Make an exact copy of the listing below. Pictures stay out of it.

- STORED DATA:
= = = = =

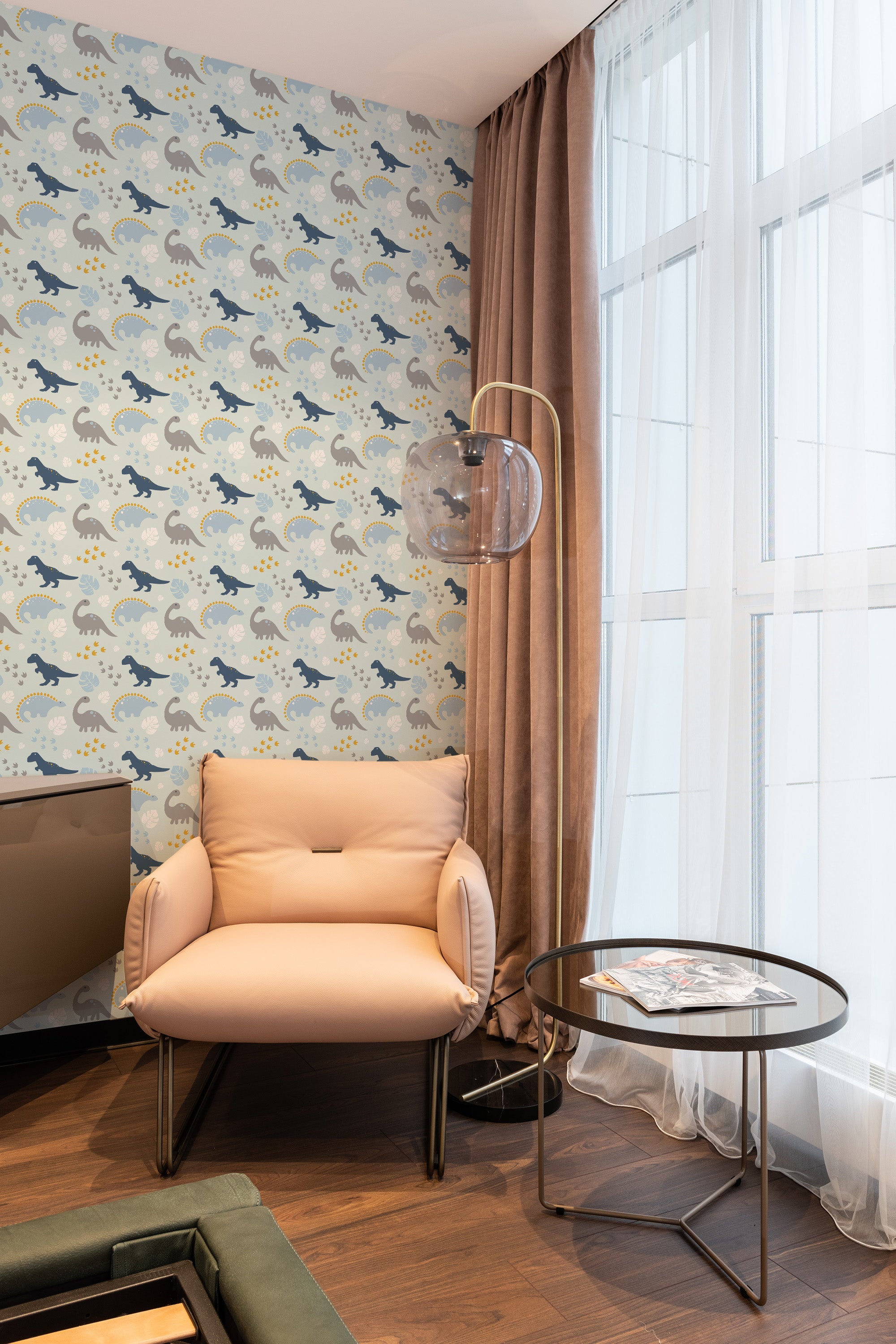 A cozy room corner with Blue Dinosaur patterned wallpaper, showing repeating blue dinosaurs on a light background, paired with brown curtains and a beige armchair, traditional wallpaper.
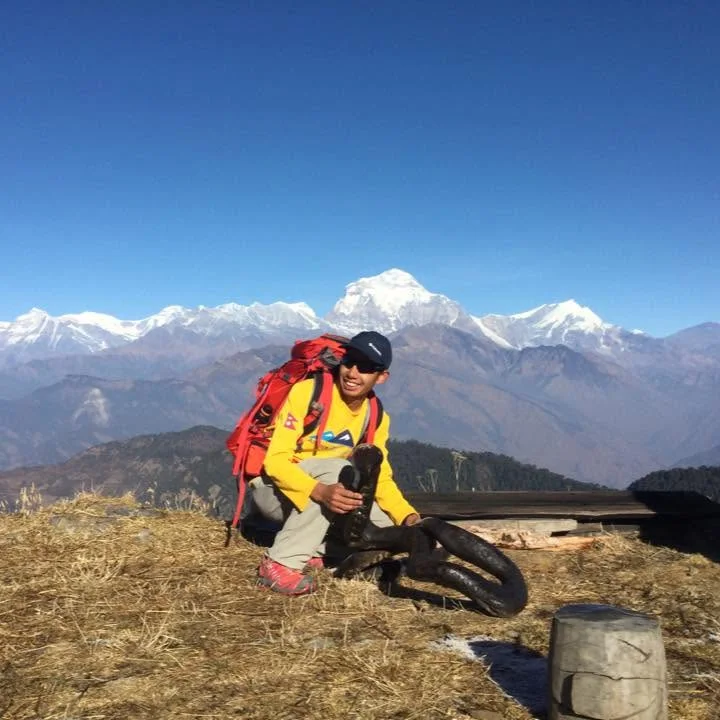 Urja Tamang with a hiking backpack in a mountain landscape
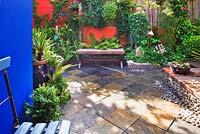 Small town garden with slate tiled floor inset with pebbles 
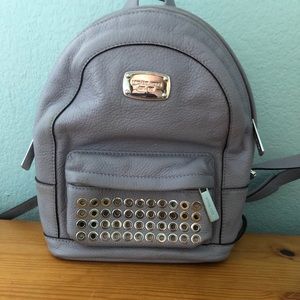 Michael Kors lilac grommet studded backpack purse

= = = = =

- REPLY:
 A cozy room corner with Blue Dinosaur patterned wallpaper, showing repeating blue dinosaurs on a light background, paired with brown curtains and a beige armchair, traditional wallpaper.
 Urja Tamang with a hiking backpack in a mountain landscape
 Small town garden with slate tiled floor inset with pebbles 
 Michael Kors lilac grommet studded backpack purse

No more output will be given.